A few months back I wrote about how we switched the Galaxy Zoo HAProxy load balancers to Amazon Web Services (AWS) Elastic Load Balancers (ELB). At that point we had basically just swapped out HAProxy (running on its own EC2 small instance) for an ELB but weren’t making any use of the auto-scaling features also on offer.

For the past few days I’ve been playing around with auto-scaling our API layer with the ELB that’s already in place and this morning I pushed the changes into production.

» Getting started

As I mentioned earlier, we already had an ELB in place so we didn’t need to create a new one – instead we’re adding here auto-scaling to an ELB that’s already in place. For completeness however, this is the command used to create the original ELB:

>> elb-create-lb ApiLoadBalancer --zones us-east-1b --listener "lb-port=80, instance-port=80, protocol=TCP" --listener "lb-port=443, instance-port=8443, protocol=TCP"

» De-register existing ELB instances

As we already had a couple of instances registered with the ELB I found the easiest way to get auto-scaling up and running was to remove the existing instances before proceeding:

>> elb-describe-instance-health ApiLoadBalancer

INSTANCE i-abcdefgh InService
INSTANCE i-ijklmnop InService

>> elb-deregister-instances-from-lb -lb ApiLoadBalancer --instances i-abcdefgh i-ijklmnop

No Instances currently registered to LoadBalancer

» Create a launch configuration

Before you can introduce auto-scaling you need to have a couple of things in place – an Amazon Machine Image (AMI) that upon boot is immediately ready to serve your application and a launch configuration compatible with your currently ELB-scaled nodes (security groups etc.).

Depending upon your setup, always having an AMI ready to launch with the latest version of your production codebase is probably the hardest thing to achieve here. Once you have your AMI in place and your security group and key-pair settings to hand you’re ready to create your launch configuration:

>> as-create-launch-config ApiLaunchConfig --image-id ami-myamiid --instance-type m1.small --key ssh_keypair --group "elb security group name"

OK-Created launch config

» Create an auto-scaling group

Once you have a launch configuration in place it’s time to create an auto-scaling group.

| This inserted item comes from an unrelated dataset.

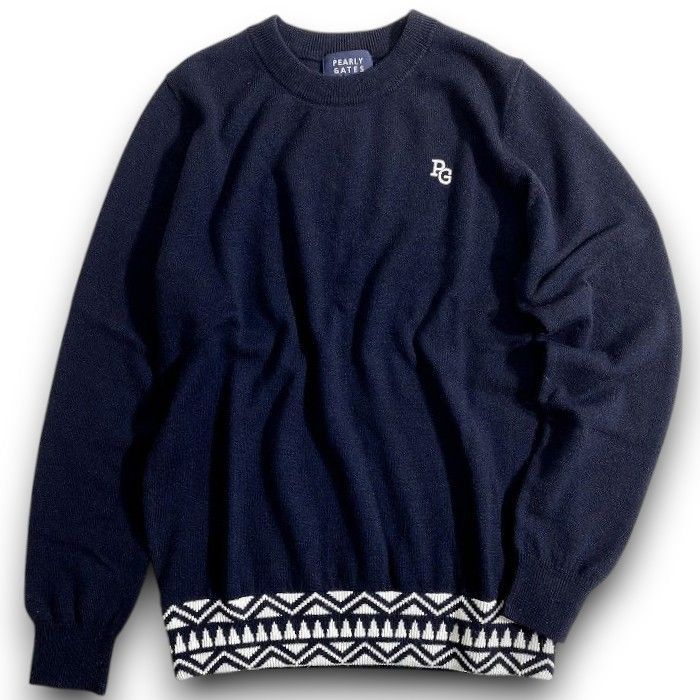 PEARLY GATES パーリーゲイツ ゴルフ ウール100％ 裾リブパターン クルーネック 丸首 長袖 ニット セーター プルオーバー ゴルフウェア レディース 055-2270106 定価3万 ダークネイビー 034 51013 w 05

Auto-scaling groups need as a minimum to know what launch configuration, which load-balancer to use, which availability zone and the minimum and maximum to scale to.

We never run the Galaxy Zoo API on anything less than 2 nodes and so to create our auto-scaling group I issued a command something like this:

>> as-create-auto-scaling-group ApiScalingGroup --launch-configuration ApiLaunchConfig --availability-zones us-east-1b --min-size 2 --max-size 6 --load-balancers ApiLoadBalancer

OK-Created AutoScalingGroup

At this point it’s worth noting that although we’d removed all of the instances being load balanced by the ApiLoadBalancer ELB, because the auto-scaling group set a minimum number of instances of 2 checking the status of the auto-scaling group showed that 2 new instances were spinning up:

>> as-describe-scaling-activities ApiScalingGroup

ACTIVITY 78bf4e0d-f72b-4b5b-a044-6b99942088ed 2009-08-24T07:19:28Z Successful "At 2009-08-24 07:16:12Z a user request created an AutoScalingGroup changing the desired capacity from 0 to 2. At 2009-08-24 07:17:17Z an instance was started in response to a difference between desired and actual capacity, increasing the capacity from 0 to 2."

I don’t know about you but I think that’s pretty AWESOME!

» Create some launch triggers

To complete the auto-scaling configuration, you need to define the rules that increase and decrease the number of load-balanced instances. Currently we have a very simple rule based upon CPU load – if the average CPU load over the past 120 seconds is greater than 60% we introduce a new instance, if the CPU average drops below 20% then we remove an instance:

>> as-create-or-update-trigger ApiCPUTrigger --auto-scaling-group ApiScalingGroup --namespace "AWS/EC2" --measure CPUUtilization --statistic Average --dimensions "AutoScalingGroupName=ApiScalingGroup" --period 60 --lower-threshold 20 --upper-threshold 60 --lower-breach-increment=-1 --upper-breach-increment 1 --breach-duration 120

OK-Created/Updated trigger

These triggers will almost certainly require refinement but helpfully the as-create-or-update-trigger command will create a new trigger if one doesn’t exist or update an existing trigger based upon the new parameters.

» That’s it!

Once again it’s been a breeze to introduce the latest AWS features into our production stack. Moving Galaxy Zoo to AWS has completely changed the way we think about running our web applications – we’ve gone from having a group of ‘pet’ servers we each know the name of to having a fault-tollerant, auto-scaled web-stack ready for the future.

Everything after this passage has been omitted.